CINCINNATI. Four years ago, Maxwell Technologies had an ultracapacitor-based engine start module (ESM) to show at trade shows and virtually no one knew what to do with them. But that is changing, as evidenced by the announcement that its ESM is now a factory-installed option on Kenworth Class 8 products.
But, four years later, many still ask, what is an ultracapacitor and why do I need one?
“Many people call an ultracapacitor ‘burst energy,’” explained Michael Padrnos, key accounts manager for the Eastern U.S., during the National Private Truck Council’s 2015 Annual Education Management Conference and Exhibition here at the Duke Energy Center Convention Center. “It’s an everyday cranking product.”
In essence, Padrnos said, Maxwell’s ESM includes up to 12 ultracapacitors, which store energy to be used in starting a commercial vehicle. The advantages of the ESM are that traditional Group 31 batteries are not drained during the starting process, and because Maxwell’s ESM is an isolated system, even if the truck’s batteries are drained of all power, the ESM will start the vehicle.

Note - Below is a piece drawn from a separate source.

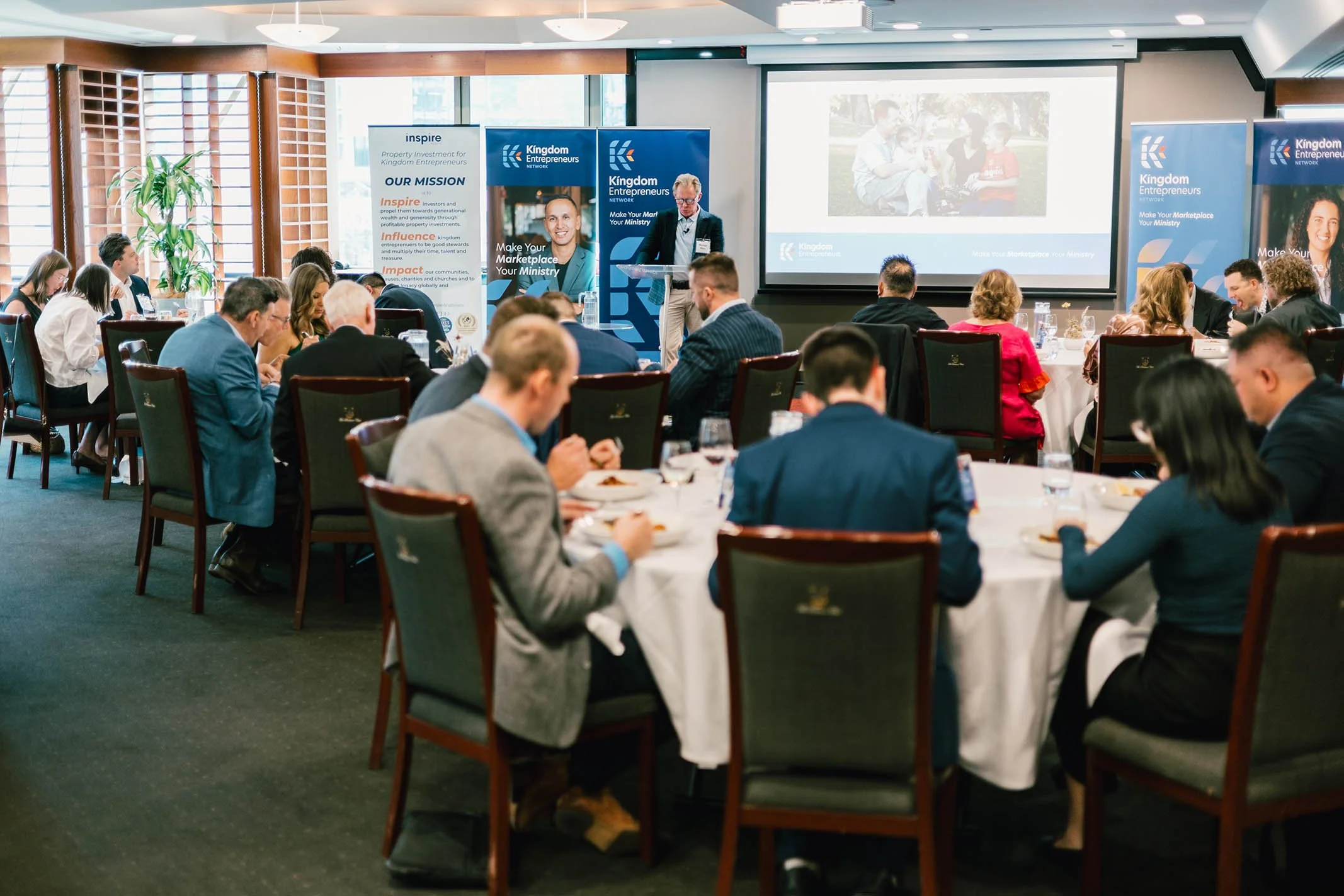 Business conference in a room with round tables, attendees listening to a speaker at a podium, slide projections, and promotional banners for Kingdom Entrepreneurs Network.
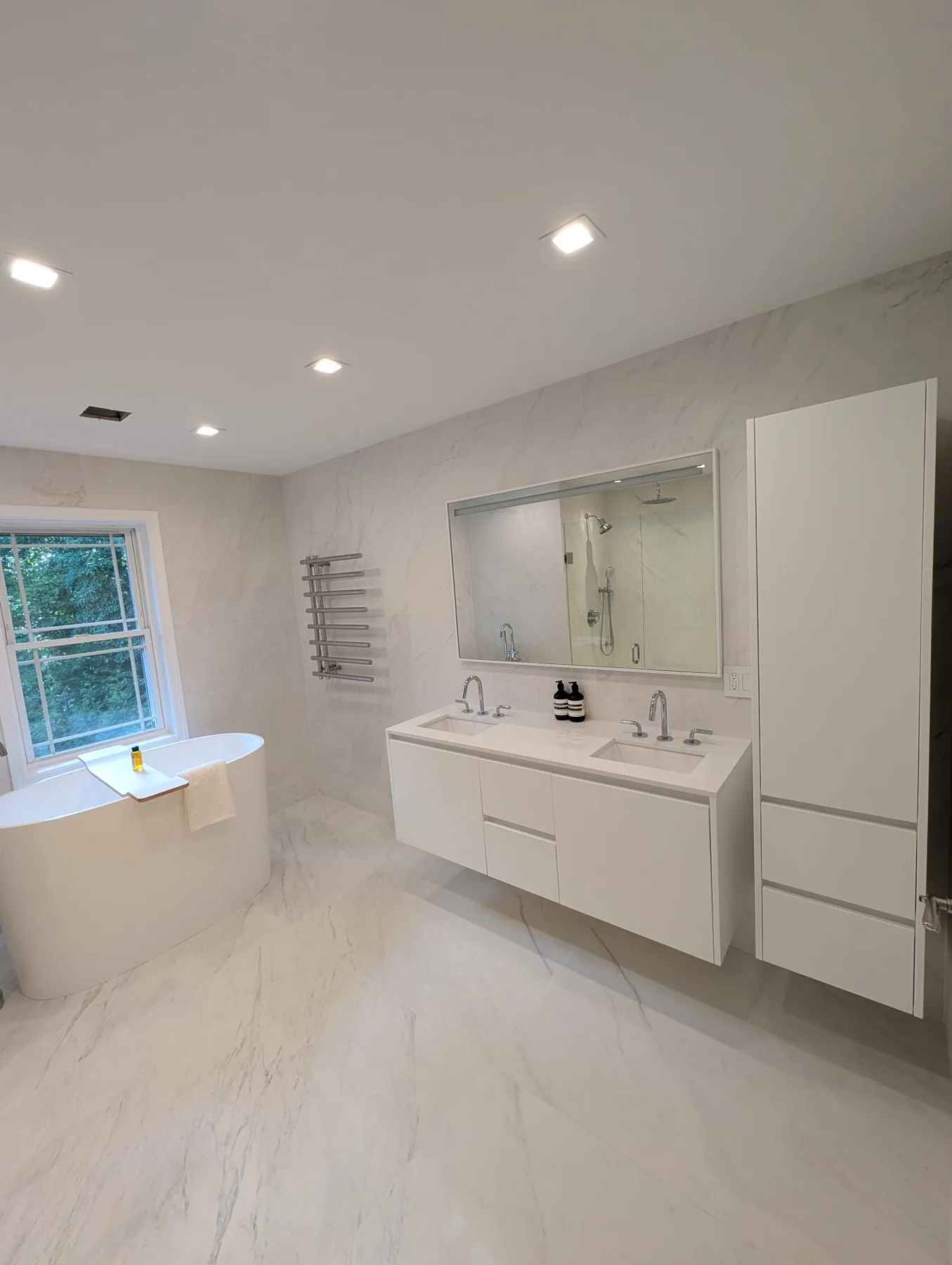 White vanity and tiled bathroom in Southington, Connecticut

That is advantageous in areas where vehicles must use battery power to run auxiliary items, such as in-cab comforts. It is also useful for vehicles that stop and start consistently during the day, such as local delivery vehicles.
Maxwell offers two models of its ESM, the Ultra 31/900 for 4L to 6.9L engines – basically Class 3-5 vehicles – and a larger Ultra 31/1800 for 7L to 16L engines, Class 6-8.
Both models provide between 900 and 1,800 cold cranking amps (CCA) at start, and they recharge in less than 15 minutes. The ESM works in temperatures ranging from -40 deg. F to 149 deg. F, Padrnos said, so even in the coldest areas of the northern U.S. and Canada, drivers can be assured their vehicle will start in the morning.
“What brought this to market is we wanted to eliminate jump starts,” he said.
While there is no specific evidence to date as to how many jump starts are needed on a truck per year, Padrnos said that “one [fleet] with 10,000 trucks that was testing the system, said it was having 2 ½ jump starts per truck per year.”
The ESM is not a battery, Padrnos stresses, although Maxwell has developed it in a Group 31 shell so that it can fit easily into the on-board battery location. It does replace one of the batteries on the truck, but Padrnos said that it’s likely (there has been no battery testing done) that the three remaining batteries will last longer since they will be relieve of cranking duties.
“The majority of our fleets are adamant that this extends battery life,” he said.
Each ESM is designed for 100,000 starts, which depending on how many times during a typical day the vehicle is started, could last a minimum of six years.